2. ЗАГАДОЧНАЯ ЗЕМЛЯ КИТИГЕН И ЕЕ ЛЕГЕНДАРНЫЕ ОБИТАТЕЛИ
Чукотско-эскимосские этнические контакты и ранняя история острова Врангеля
На так называемой "Карте мест, от Енисея до Камчатки лежащих", составленной Ф.Бейтоном в 1710-1711 годах, к северу от Арктического побережья показаны два острова: один к востоку от Мыса Шелагского, второй – к северу от Колючинской губы. На так называемой "Карте якутского дворянина Ивана Львова" к северо-востоку от мыса Шелагского имеется "остров, на котором живут чукчи" [19]. Эти карты могут быть одними из первых указаний на остров Врангеля как географический объект и на то, что он был в это время обитаем чукчами.
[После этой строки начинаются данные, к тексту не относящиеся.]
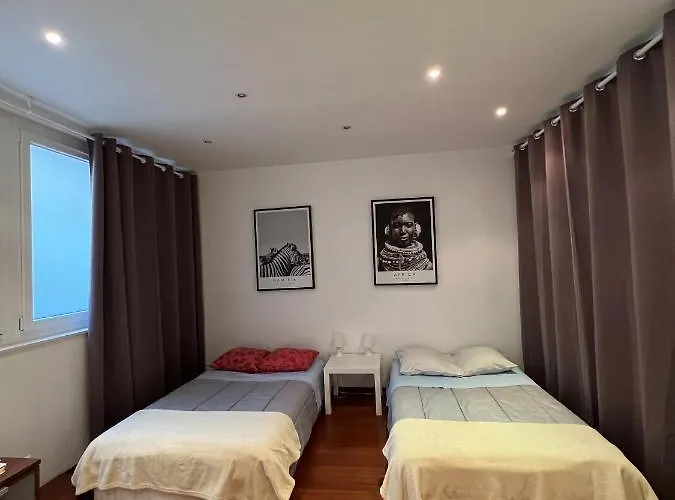 Le Victoria Iii - Point - 105m2 Apartamento Nancy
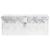 Cutie de depozitare, argintiu, 50x15x20,5 cm, aluminiu GartenMobel Dekor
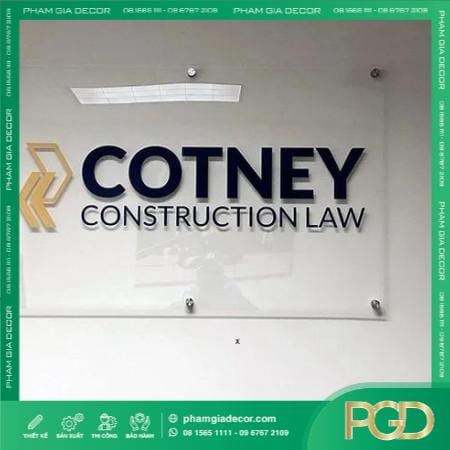 decal logo thương hiệu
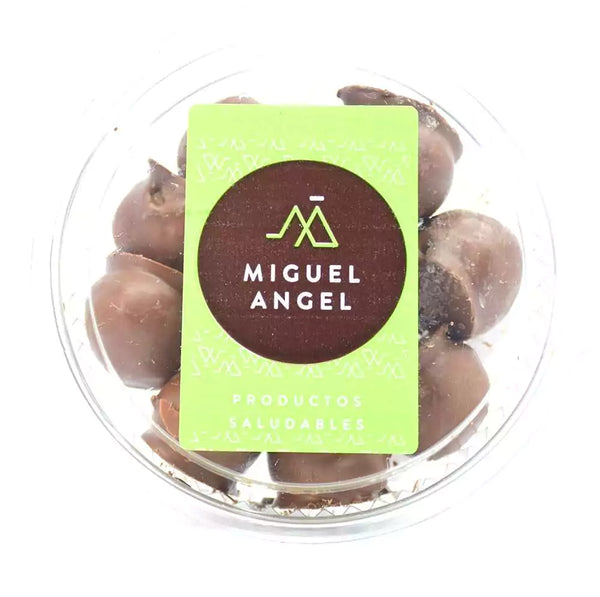 TRUFAS CON FRUTOS SECOS *5UN MIGUEL ANGEL LIGHT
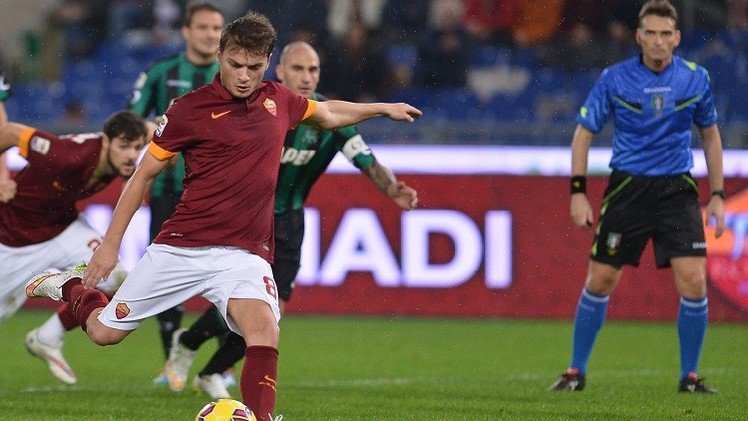 ذئاب روما تهرب من فخ ساسولو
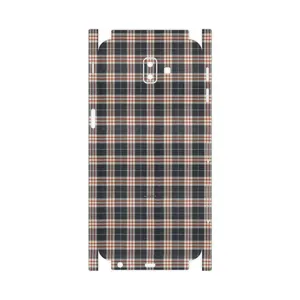 MAHOOT Fabric Texture 5-FullSkin Cover Sticker for Samsung Galaxy J6 Plus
На карте 1765 или 1766 гг., составленной командиром Анадырской крепости Ф.Х.Плениснером, изображена земля к северу от Шелагского мыса помеченная надписями: "Земля Китиген, живут люди", "Живут люди храхаи". Много лет спустя священник А.Аргентов, с именем которого связана миссионерская деятельность среди нижнеколымских чукчей, и которому принадлежит несколько научных работ о Чукотке и чукчах, отмечал, что в 1841 году в Иркутске он видел карту, где была показана "Земля, обитаемая хряхами". К сожалению, мы не знаем, какую именно карту мог видеть Аргентов. По мнению В.А.Туголукова, изучавшего эти сведения при сборе материалов о походах жителей Арктического побережья на близлежащие острова, речь в этом случае должна была идти об Аляске [20].
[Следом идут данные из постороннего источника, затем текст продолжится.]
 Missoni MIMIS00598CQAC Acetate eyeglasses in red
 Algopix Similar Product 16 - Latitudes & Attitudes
На карте 1765 года, составленной Николаем Дауркиным, к северу от Чаунской губы помечена "земля Тикиген", на которой "живут люди... оленные, а их чукчи называют храхаи и у них разговор как у чукоч, а у оных меди красной довольно, копья и ножи, котлы медные". Название земли Тикиген здесь и далее, очевидно, то же самое, что и название Китиген на карте Ф.Х.Плениснера (форма Китиген нам кажется более близкой к языковой реальности). Однако на более поздней карте Н.Дауркина, составленной в 1774 году, отсутствует и "земля Тикиген" и "остров Ным-Ным" [21]. Если земля Китиген ~ Тикиген пока остается загадочной – мы обратимся к ней в дальнейшем, то название таинственного острова нам понятно, хотя и не лишено интриги: в чукотском языке слово нымным обозначает "поселок, селение". Какое селение мог иметь в виду Дауркин или его информаторы среди арктических льдов – сказать трудно, однако можно думать, что для такого названия у них имелись свои причины.
Летом 1787 года во время экспедиции на судах "Паллас" и "Ясашна" капитан Тимофей Шмалев, прекрасно знавший Северо-Восток России, рассказал Г.Сарычеву, что слышал во время встреч с чукчами о "матерой земле", расположенной где-то к северу от Шелагского мыса. Как уже говорилось, Николай Дауркин также знал об этой земле и изобразил ее на нескольких своих картах [22]. Позднее Г.А.Сарычев писал: "Мнение о существовании матерой земли на севере подтверждает бывший 22 июня юго-западный ветер который дул с жестокостью двои сутки. Силою его, конечно бы, должно унести лед далеко к северу, если б что тому не препятствовало. Вместо того на другой же день увидели мы все море покрытое льдом. Капитан Шмалев сказывал мне, что он слышал от чукоч о матерой земле, лежащей к северу, не в дальнем расстоянии от Шелагского носа, что она обитаема и что шелагские чукчи зимнею порою в одни сутки переезжаюттуда по льду на оленях" [23]. Ему же принадлежит исключительно ценное замечание, позволяющее оценить расстояние до предполагаемой земли: "В летние большие дни можно на оленях без клади проехать до 150 верст" [24].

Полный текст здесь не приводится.